Electrospinning with other biopolymers Blending with synthetic polymers was carried out to enhance the properties of starch
molecules. Mostly synthetic polymers such as polycaprolactone, polyvinyl alcohol, poly lactic acid and poly lactide-co-glycolide were used for blending followed by electrospinning. The polymers were blended with starch to provide structural integrity and hydrophilicity to the mat.

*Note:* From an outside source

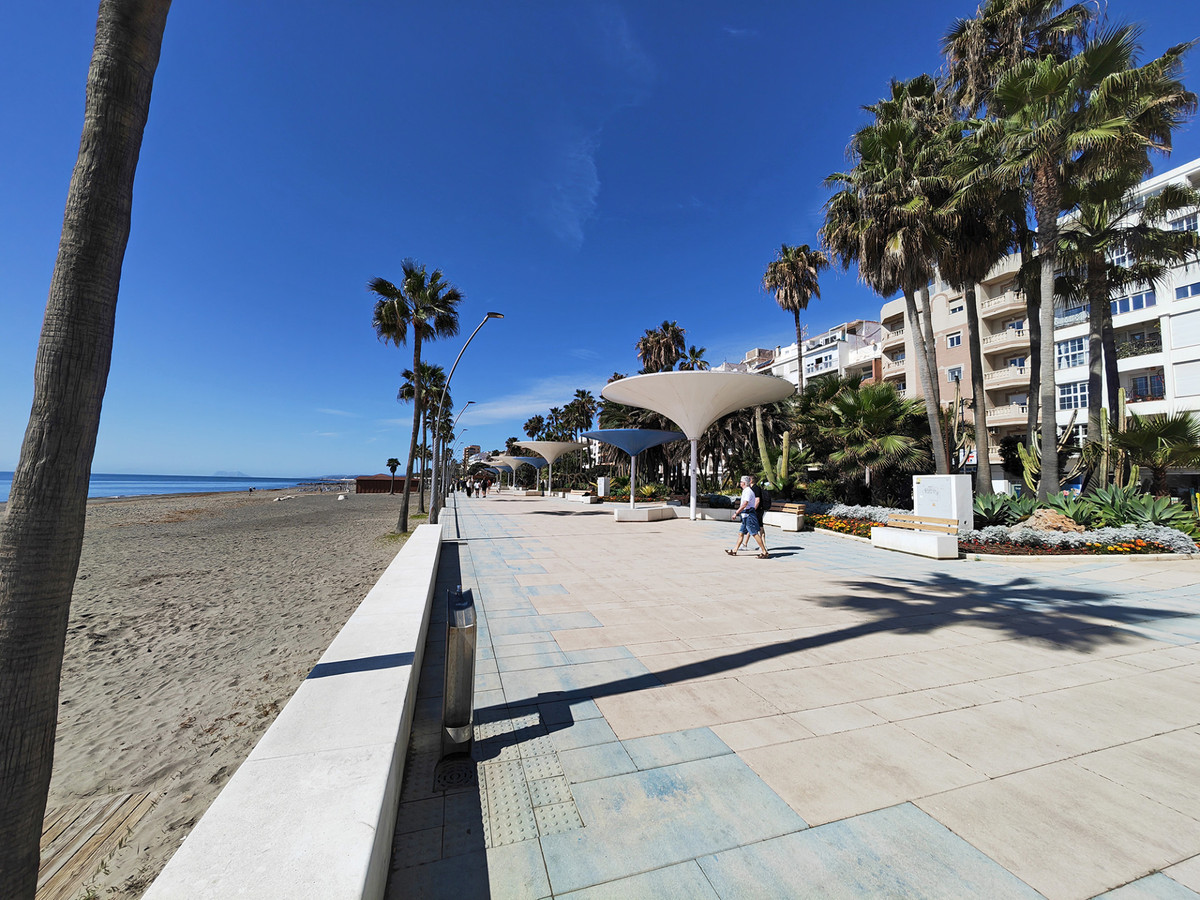 5 Bedroom Villa for Sale in Estepona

3.3.1 Electrospinning of starch with Polycaprolactone Gomes et al. developed scaffold material containing starch and polycaprolactone by melt spinning technique. PCL and starch were blended in weight ratio (70:30) and heated to a high temperature of 150 ̊ C. The resulted solution was extruded through extruder into the cold water bath. Then, solid fibers were collected with an average diameter of 180 µm with porous architecture. The scaffold material was prepared by fiber bonding technique, which involves cutting and sintering the melt spun fibers into required specification. Further, the scaffold material was annealed at - 15 ̊ C and sterilized using ethylene oxide. The degradation activities of Starch PCL melt spun (SPCL) were studied using phosphate buffer solution, lipase, α- amylase and their combination, 100% weight loss was observed in phosphate buffer solution and lipase combination, but slower degradation was seen in α- amylase and lipase combination. The work ensured that the degradation of the fibrous mat was influenced by an enzyme present in the body.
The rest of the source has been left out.